'''
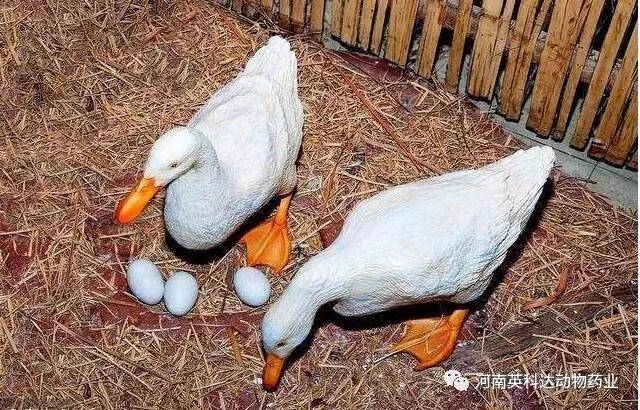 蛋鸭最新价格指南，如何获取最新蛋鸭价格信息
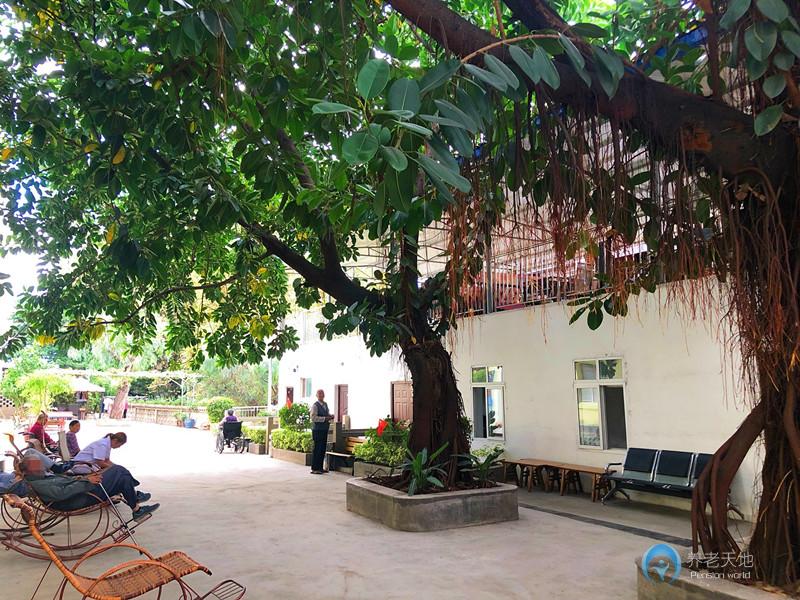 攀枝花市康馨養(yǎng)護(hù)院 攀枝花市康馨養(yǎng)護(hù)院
'''
'''
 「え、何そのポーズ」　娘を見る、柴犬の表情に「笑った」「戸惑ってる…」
'''
With pictures excluded, reproduce exactly the lines above from the one containing "蛋鸭最新价格指南，如何获取最新蛋鸭价格信息" down to the one containing "攀枝花市康馨養(yǎng)護(hù)院 攀枝花市康馨養(yǎng)護(hù)院", those two included.

_OUTPUT OF THE EXERCISE_.
 蛋鸭最新价格指南，如何获取最新蛋鸭价格信息
 攀枝花市康馨養(yǎng)護(hù)院 攀枝花市康馨養(yǎng)護(hù)院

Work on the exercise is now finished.